Much can be written about strings and the history of them in pandas. Generally users use “strings” that are actually any of the following dtypes:

  • object

  • “string” (starting in 1.0)

  • “string[pyarrow]” (starting in 1.3)

  • “string[pyarrow_numpy]” (starting in 3.0)

object is a historic relic and should be avoided where possible. As far as pantab is concerned, using string[pyarrow] is the best string dtype as that will always map seamlessly to the Arrow C Stream interface. How the other types manage this is an implementation detail of pandas.

Temporal Types

pandas historically has only ever had a Timestamp data type. This has been problematic when writing to databases where DATE and TIMESTAMP are commonly different types.

If you would like to write DATE types to hyper, your best bet is to .astype("date32[pyarrow]") those columns to convert them into true date types. Do not use the pandas ``.dt.date`` accessor as this returns an ``object`` dtype.

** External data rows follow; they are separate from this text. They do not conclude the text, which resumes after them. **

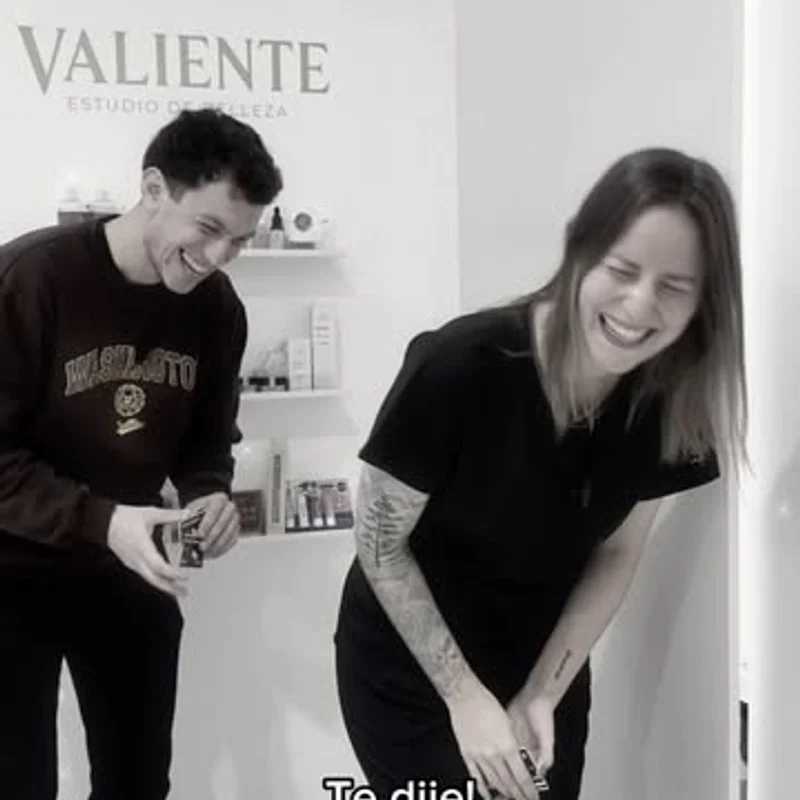 Dos integrantes del equipo de Valiente Estudio de Belleza en el local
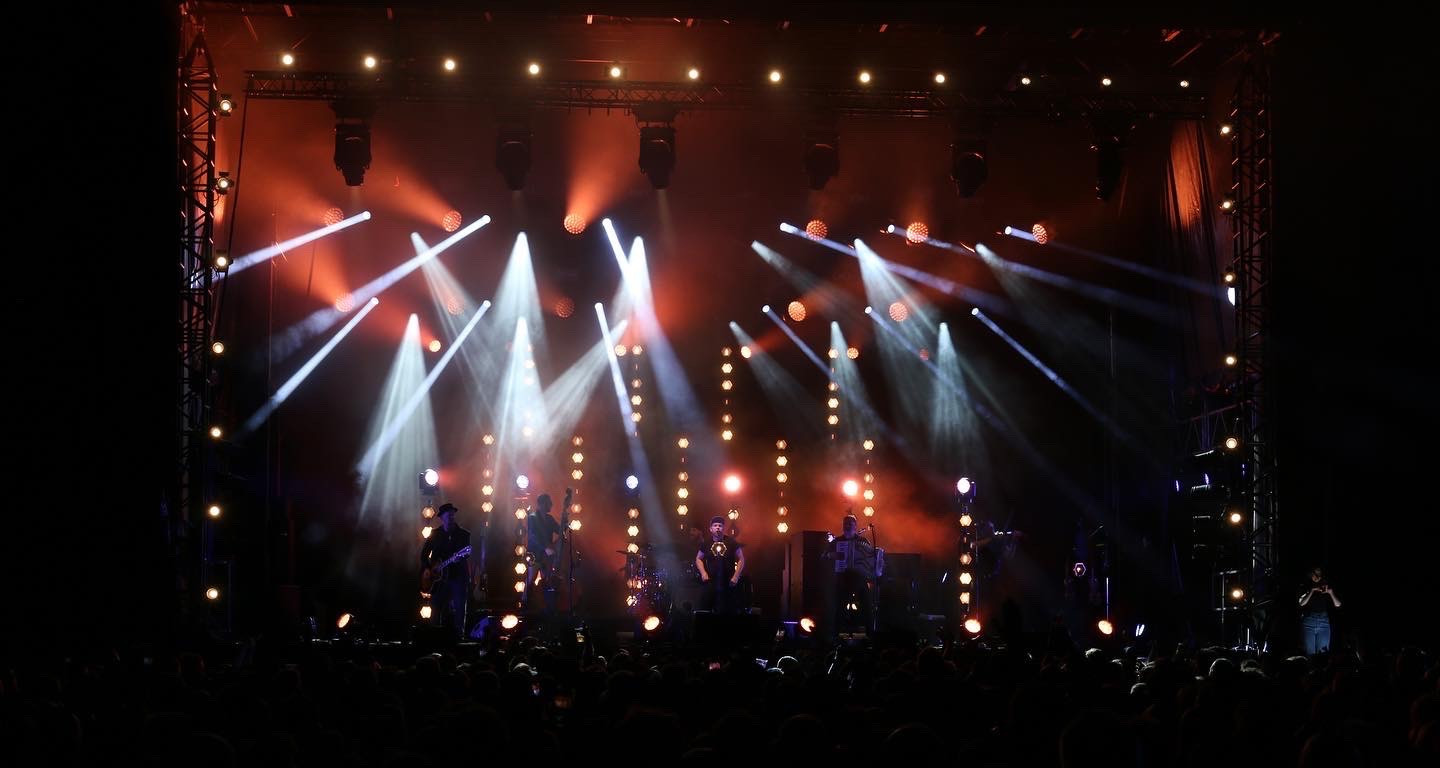 Hallingdal Lyd │Sceneutstyr til konsert og event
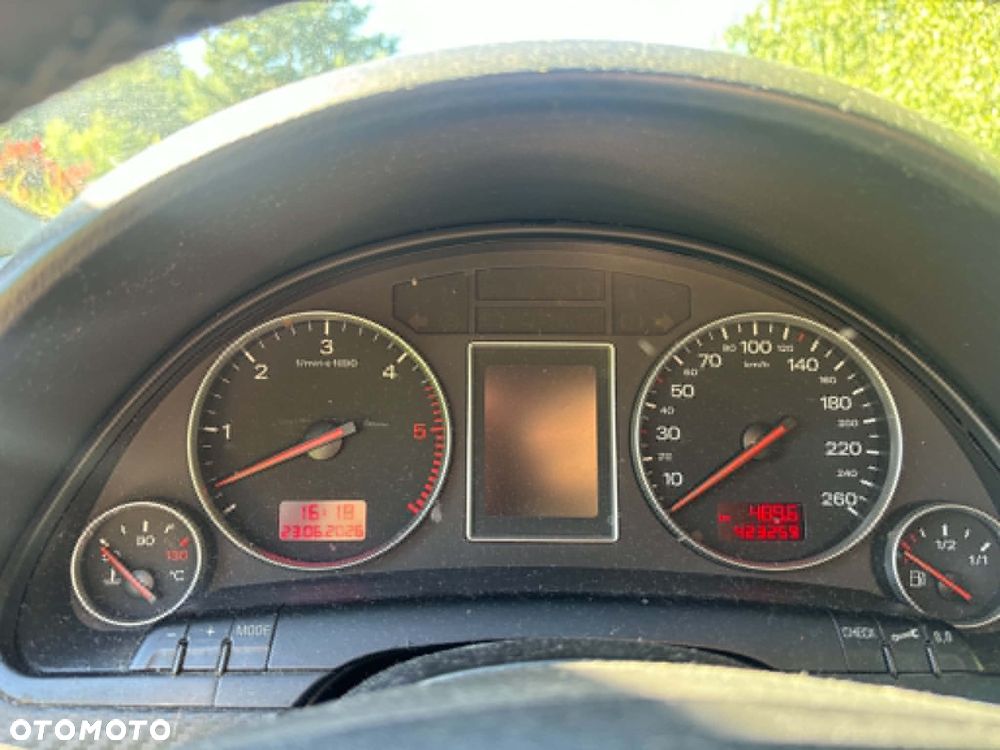 Audi A4 Avant 1.9 TDI - 8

Please also note that the default unit of precision for the pd.Timestamp type is nanoseconds since the Unix epoch. Since pandas 2.0 the as_unit method can be used to convert to a different unit. pyarrow supports different units as well, i.e. you can do .astype("timestamp[us][pyarrow]") to convert to a microsecond-precision timestamp based on the Unix epoch. Hyper stores timestamps using microsecond precision going back to the first midnight after the Julian epoch.

Binary

NumPy / pandas do not coordinate to support a binary array type. As such, if you are trying to write binary data, your only option is to use the binary[pyarrow] data type.